The Pacific Northwest

by compound complex 92 Replies latest jw experiences

  • compound complex
    compound complex

    THE PACIFIC COAST was my surrogate guardian. It held both my heart and my spirit within its mighty bosom.

    My impoverished family loved and cherished the sea, stretching outward beyond infinity; but it was I, more than the others, who took to the e'er dreary landscape. In a most peculiar manner, the dank surroundings soothed me and enveloped me in crawling mists that were more welcomed to me than the evaporating rays of a cavorting summer sun.

    I, however, am no longer that pensive lad who found comfort in the dark and cold and deep blue sea. Today, a man in the physical sense, I no longer possess that childlike fascination with my former abode. I reside in The City. Luxuries absent during youth abound, satisfying beyond mere need. The sterile vista I gaze upon is that of steel and stone and glass; its combination in regal, imposing edifices commands my admiring view yet scarcely my heart.
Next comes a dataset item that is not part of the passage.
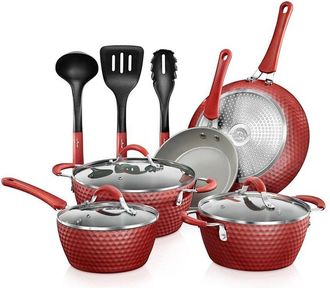 Nutrichef 11Pc Red Diamond Nonstick Cookware Set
    Yesterday's child has vanished from all remembrance . . .

  • compound complex
    compound complex

    I watch the black oaks of my woods sway gently against an early morning expanse that is an uncharacteristic gray, but a gray illumined by a softer and gentler summer's sun.
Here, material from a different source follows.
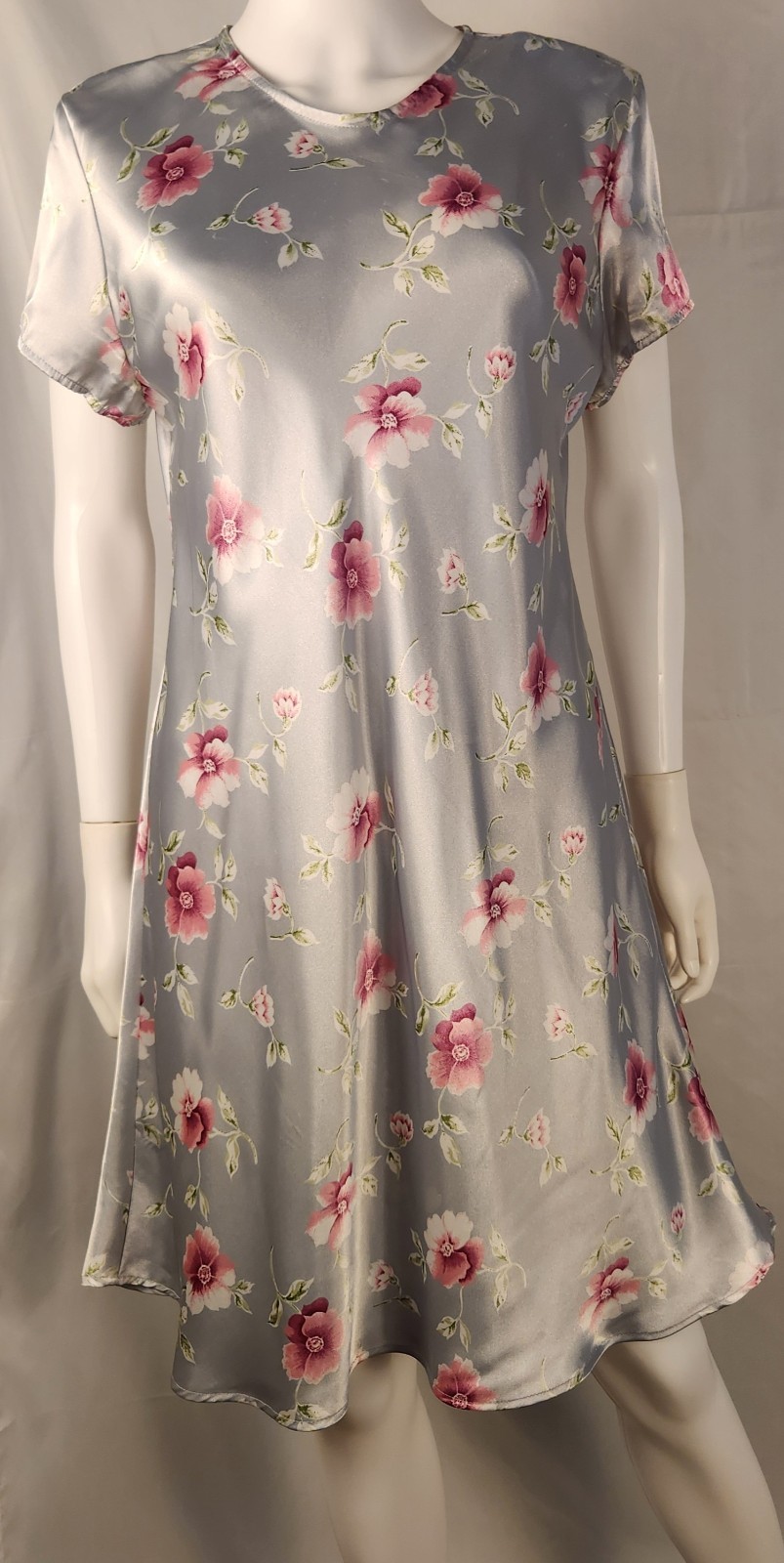 Vintage 90s Y2K DBY Floral Satin Fairy/Whimsy/Retro/Indie Dress L*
    What yesterday had been the regal, glossy green leaves of the stately sentinels are today, rather, a buffed sage foliage that I do not recall ever having viewed before. Somehow, the look, the feel, the mood that overtake me at this moment transport me back to the foggy coast of my youth. At that particular time of my life, I was not so taken with the unrelenting cool of a Pacific summer.
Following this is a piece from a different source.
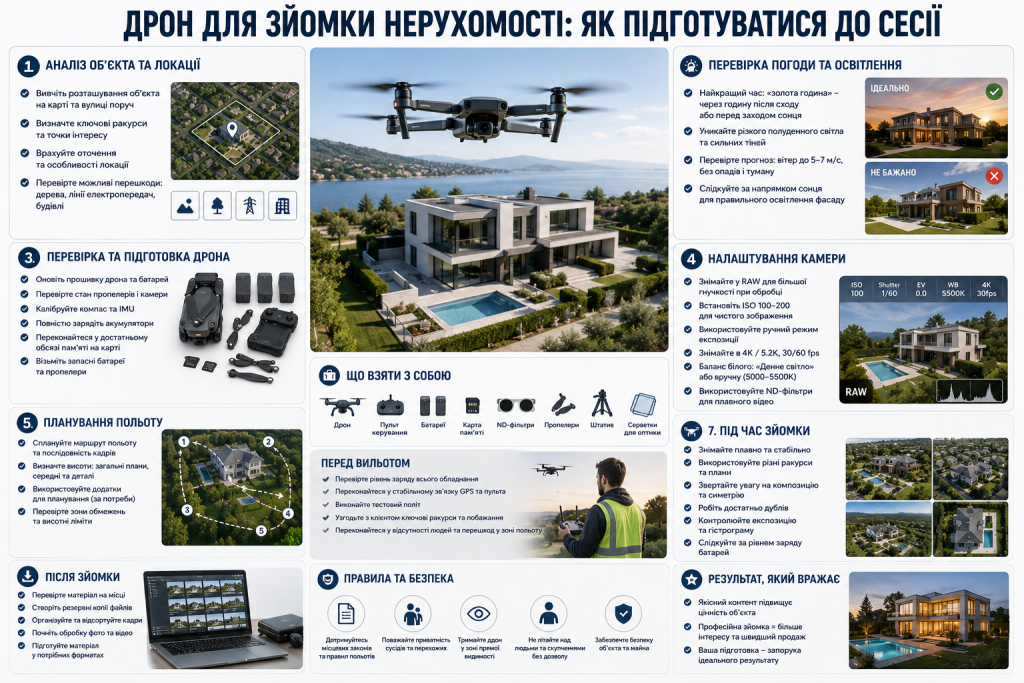 Інфографіка з підготовки дрона до зйомки нерухомості, налаштування камери, планування польоту та правил безпеки.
    Now, in this land of perpetual sun whose increasing rise in temperature is, in a frightening way, relentless, this sudden and uncommon wafting of damp and fresh upon my body is healing . . .


  • compound complex
    compound complex

    Where I live now, we have redwoods, but not the coastal fog. The summers are hot.


    THE SEVEN REDWOODS

    Seated in a lounge of cushioned steel, I lean

    back and follow my wandering eyes up seven

    towering trunks till their limbs and needles mass

    as one, hiding rigid shafts that pierce the sky.

    Removed from native soil and coastal fogs, I

    marvel that dry and hot have harmed us not.

    I, too, was born in mist but truly grew though

    warmth was scarce and a steely cool prevailed.

    Thrive I do amidst a scorching heat, the parching

    wind; like our trees, somehow, we shall survive.